At low temperature, only a single product (A) is formed from the treatment of \(p\)-xylene with isopropyl chloride and \(\mathrm{AlCl}_{3}\), which is surely no surprise, as there is only one position open on the ring. However, at higher temperature some sort of rearrangement occurs, as two products are formed in roughly equal amounts. First, write a mechanism for formation of both products. Hint: Note that \(\mathrm{HCl}\) is a product of the first reaction to give A. Second, explain why product A rearranges to product \(\mathbf{B}\).
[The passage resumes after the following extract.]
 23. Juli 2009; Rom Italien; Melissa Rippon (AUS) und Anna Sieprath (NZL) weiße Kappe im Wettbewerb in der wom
What is the thermodynamic driving force for this reaction?

Explain why cyanobenzene (benzonitrile, \(\mathrm{C}_{6} \mathrm{H}_{5} \mathrm{CN}\) ) substitutes preferentially in the meta position.

Provide syntheses for the following compounds, as free of other isomers as possible. You do not need to write mechanisms, and you may start from benzene, inorganic reagents of your choice, and organic reagents containing no more than three carbons.

When 1 -fluorobutane is dissolved in superacid at low temperature, it is possible to observe a carbocation. However, the \({ }^{13} \mathrm{C}\) NMR spectrum of that carbocation shows only two signals. (a) How many signals did you expect to see in the spectrum? (b) What carbocation do you think is observed? Although part (a) might be easy for you, part (b) actually poses a vexing problem. Can you write a mechanism for formation of the carbocation that shows only two signals in its \({ }^{13}\) C NMR spectrum? What problems appear as you try to write the mechanism?

In the presence of very strong acid, phenol is brominated in the meta position. Why do you suppose this is the case? When phenol is brominated in slightly basic conditions, tribromophenol is the major product. Why would basic conditions favor polybromination?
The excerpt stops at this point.